Baton Rouge, La – Louisiana Congressman Bill Cassidy discussed the Gulf Oil Spill on WAFB. Video and partial transcript below.

Frustration with the spill response and lack of planning

Cassidy: “It’s never good when you’re at plan ‘C’, and I think the frustration for the people in Louisiana is that it would have been nice had this been worked out prior to the incident – i.e. something happens and you immediately come in. Instead, much of this seems to be on an ad hoc basis, and that’s obviously not great.”

Focus on facts and solutions, not the blame game
Cassidy: “In 2003, there was a report by the National Research Council, in which several LSU professors participated with folks across the nation, which suggested since we were beginning to go deeper and deeper, let’s look at the effect on the seas, of the oil in sea at a deep level. All these things that now we’re figuring out, again, as we go along, were recommended in 2003. That’s number one. Number two, in the permitting process, BP said they had the ability to handle this sort of a spill. That didn’t happen. So, I agree right now might not be the time to lay blame, but it’s certainly not too soon to start saying: What could’ve been done better? What do we need to do better? And how do we keep this from happening again?”

Failure to plan impedes response
Cassidy: “Well, some of them are really simple.

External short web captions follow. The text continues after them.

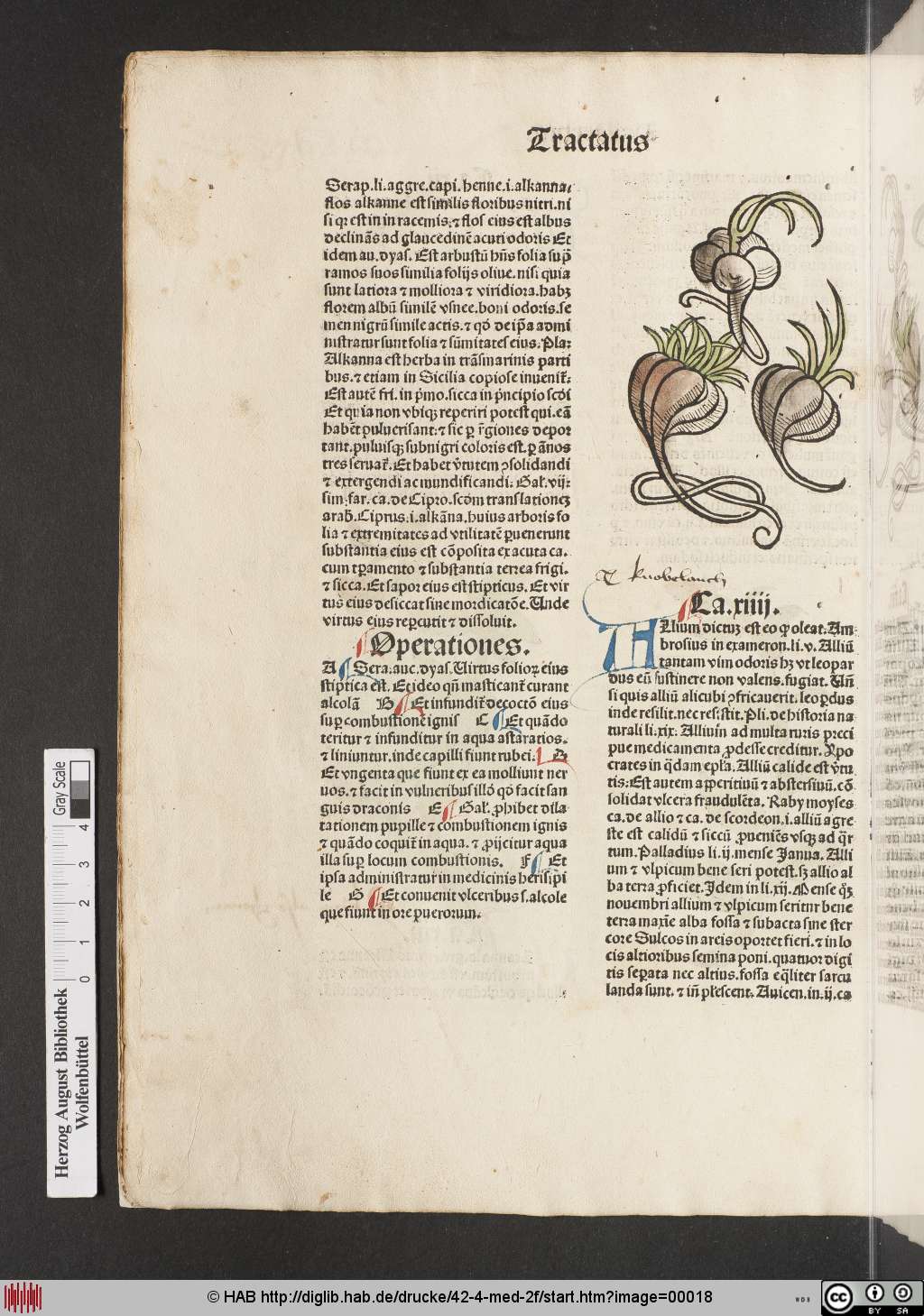 http://diglib.hab.de/drucke/42-4-med-2f/00018.jpg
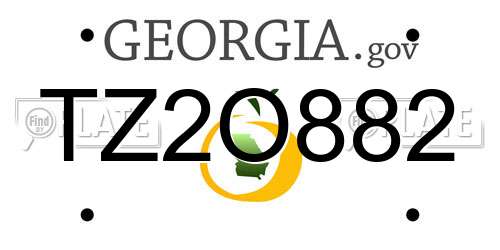 TZ2O882 Georgia License Plate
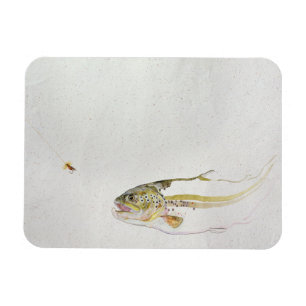 Imán Trucha persiguiendo a la mosca de un pescador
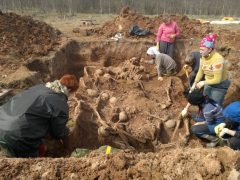 Мончаловский лес 4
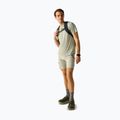 Men's trekking T-shirt REGATTA Fingal Edition light sage 2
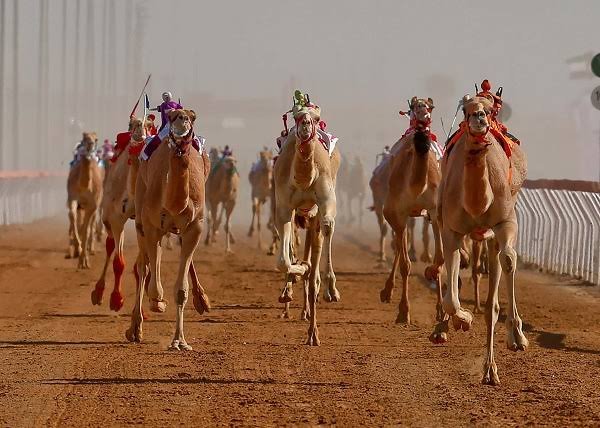 الهجين.. سباقات الهجن التي تحافظ على روح القبيلة وتاريخها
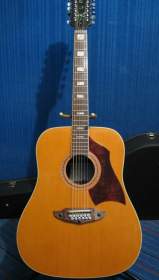 EKO Rio Bravo 12 cordes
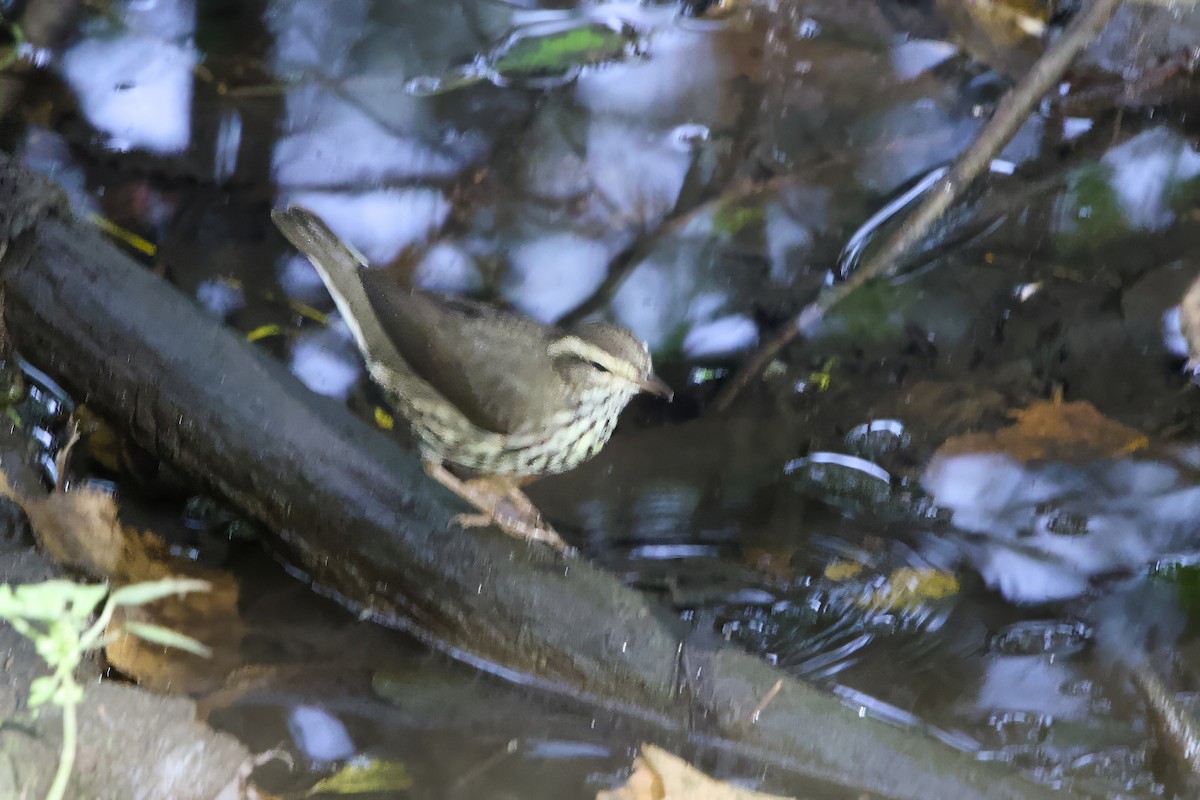 Northern Waterthrush - ML624222306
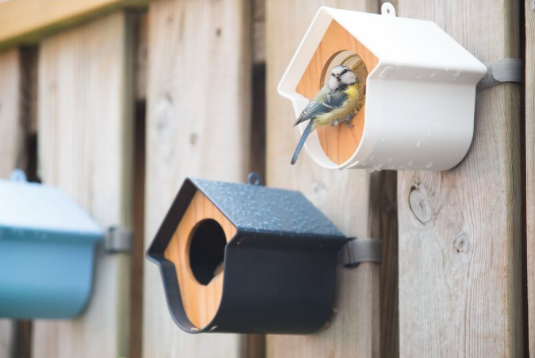 Bird Feeder / House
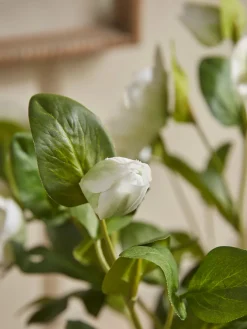 Faux Potted Hellebore - Cream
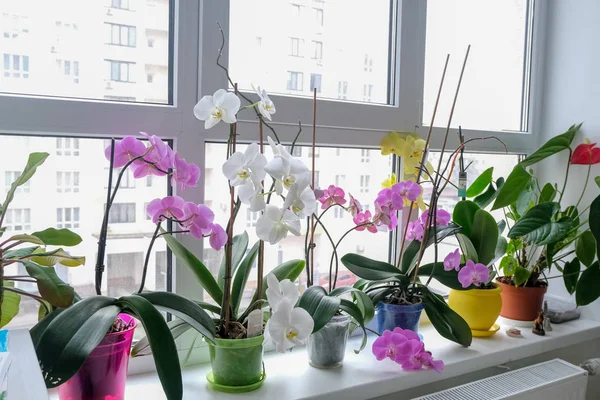 Orkidéblommor Hemma Skötsel Orkidéer — Stockfoto
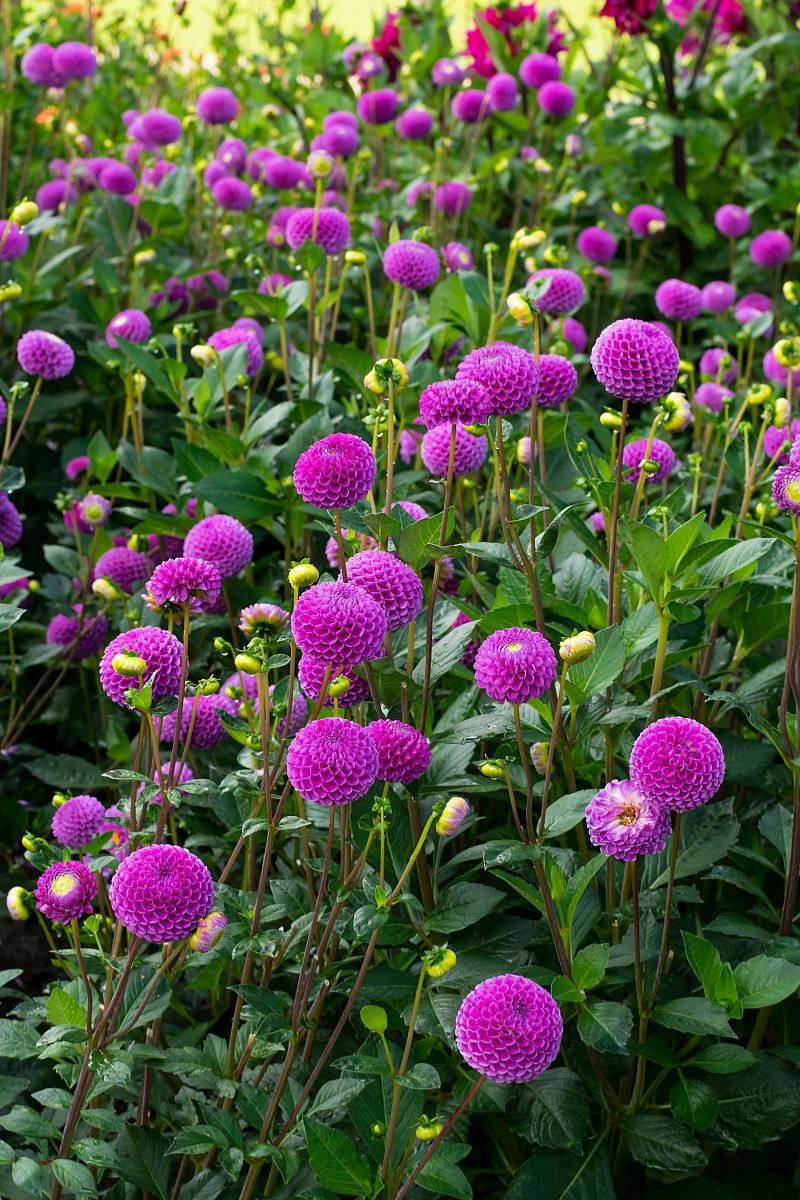 DeVroomen Dahlia Franz Kafka 1/pk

Let’s figure out what this person can use on a deep level. Worst case scenario, you can actually go down because there’s natural seepage. Sixty-five percent of the oil in Gulf prior to this incident was from natural seepage. You can go down, don’t have to add oil just find a place where it’s already coming up. See what happens with your disbursements. In Norway they’ve done the studies, where they go down, take a hundred barrels of oil, go to the bottom of the ocean off Norway, release them and see what happens. So people have thought about this, it could have been done, it’s just frustrating that is was not.”

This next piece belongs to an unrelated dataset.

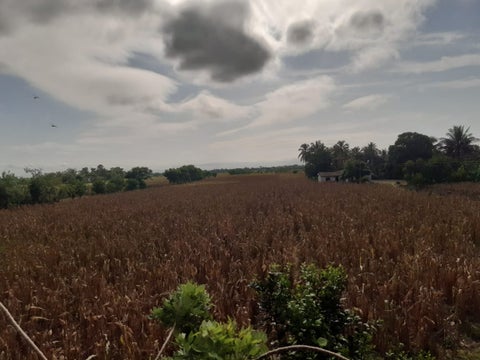 La emergencia se presenta en Chimá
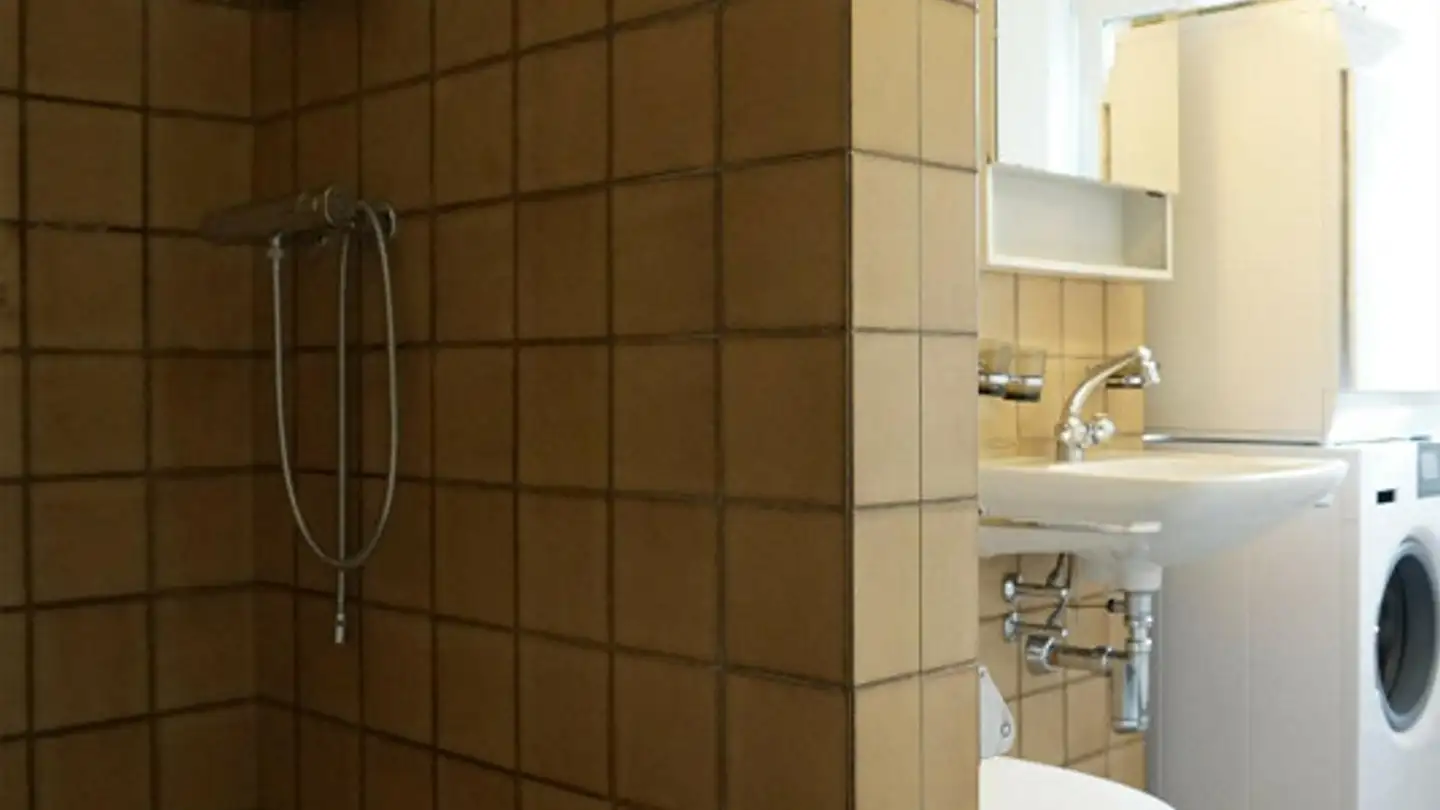 Appartement à louer - Engenbüelstrasse 12, 8304 Wallisellen - Photo 4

Dissatisfied with the federal response

Cassidy: “I’m totally not satisfied … We can see that in the permitting process, that the permitting process apparently took it upon faith that there was a blowout plan when that did not happen. And then, at this very period, it took two and a half weeks to give approval to a berm, and I’m told that the section of the berm that was approved was actually permitted four years ago. It took them two and a half weeks to approve something which had been permitted four years ago. And so clearly there’s a lot of reason for dissatisfaction.”